| Brief |
No pictures belong in the copy. Restate the rest of the data exactly.

| Supplied data |
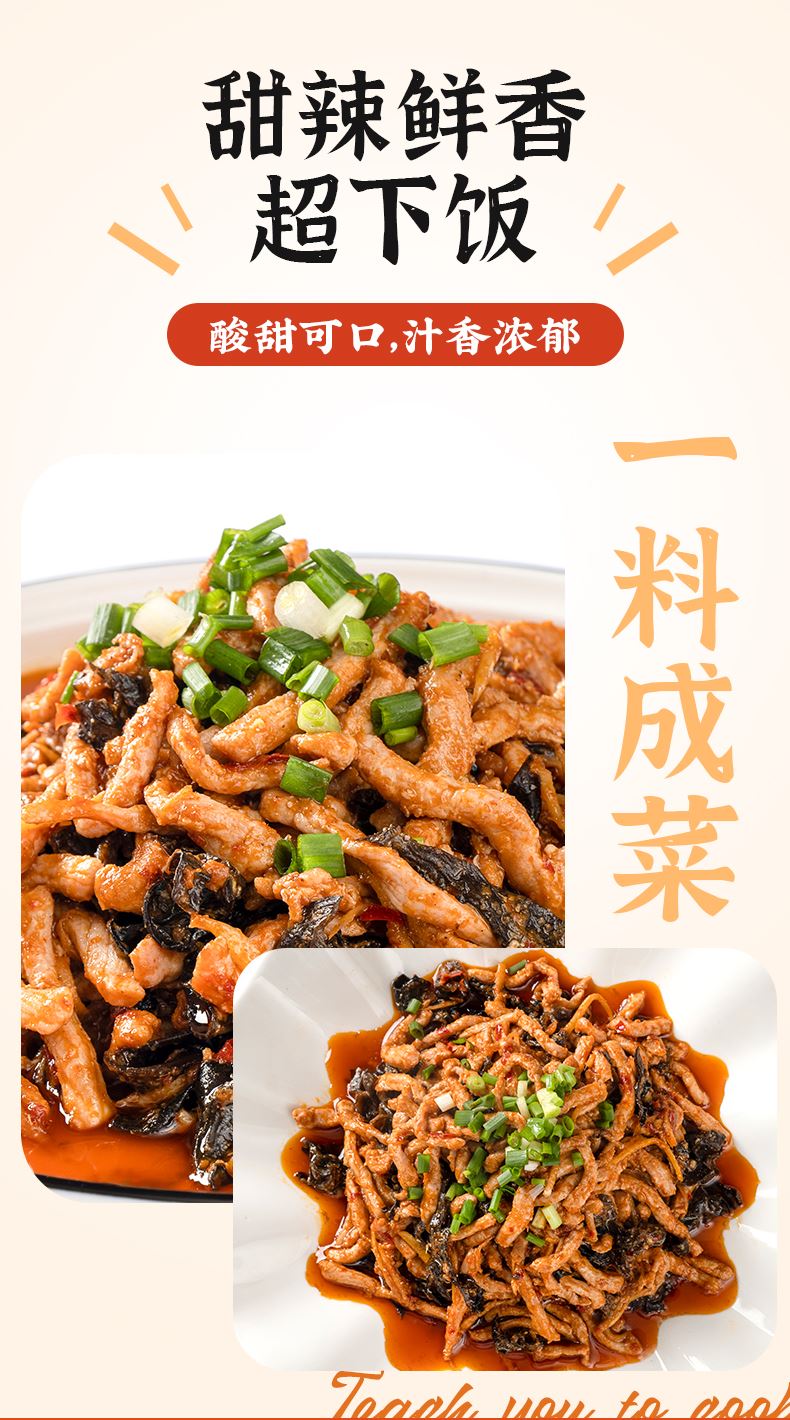料四川炒菜家用调料包50g懒人料理包 鱼香肉丝懒人料【15袋】【图片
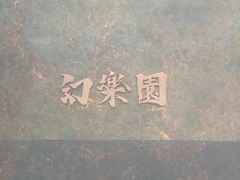 -幻樂園·咖啡(万科云城店)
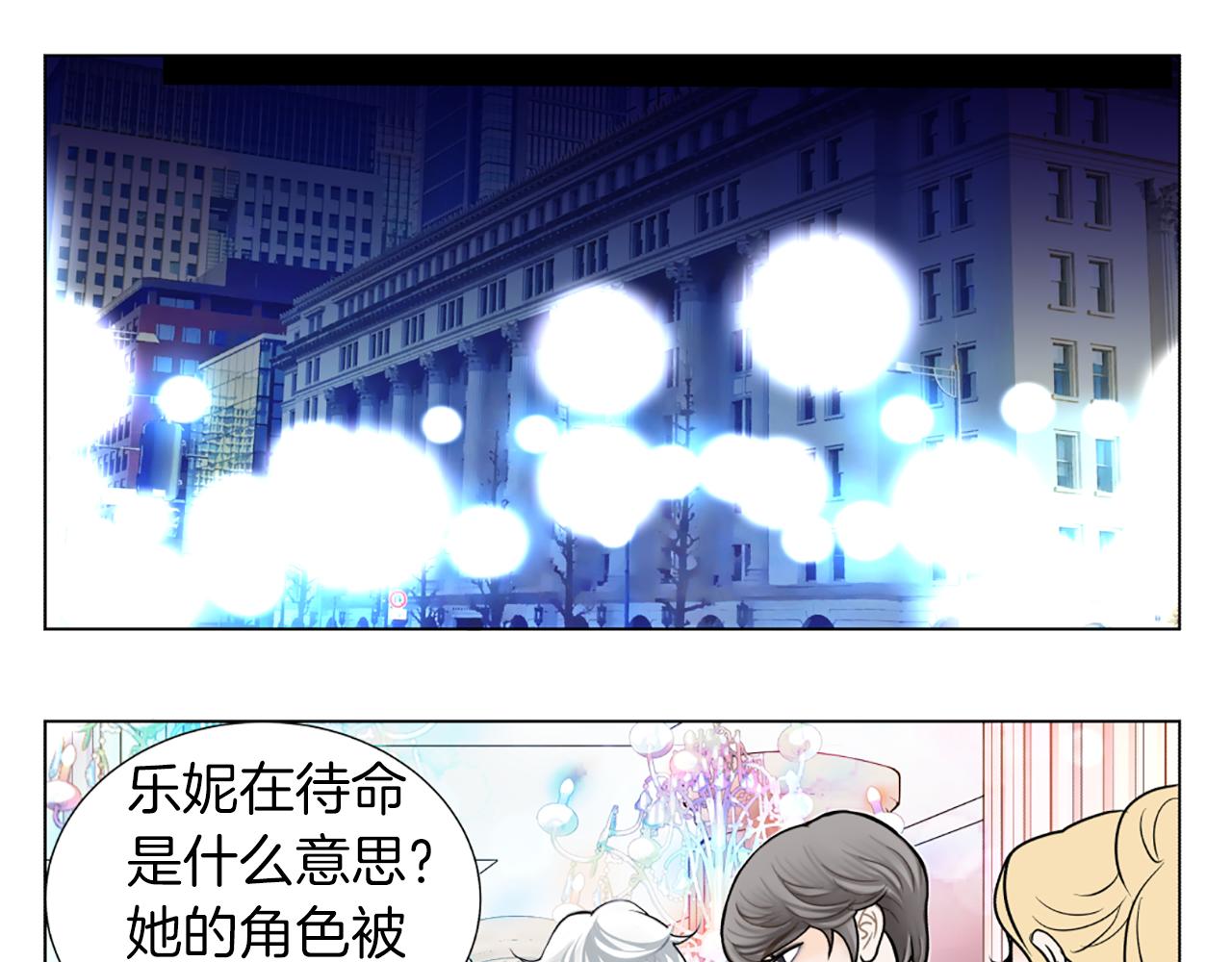 第13话 待命61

| Task output |
料四川炒菜家用调料包50g懒人料理包 鱼香肉丝懒人料【15袋】【图片
 -幻樂園·咖啡(万科云城店)
 第13话 待命61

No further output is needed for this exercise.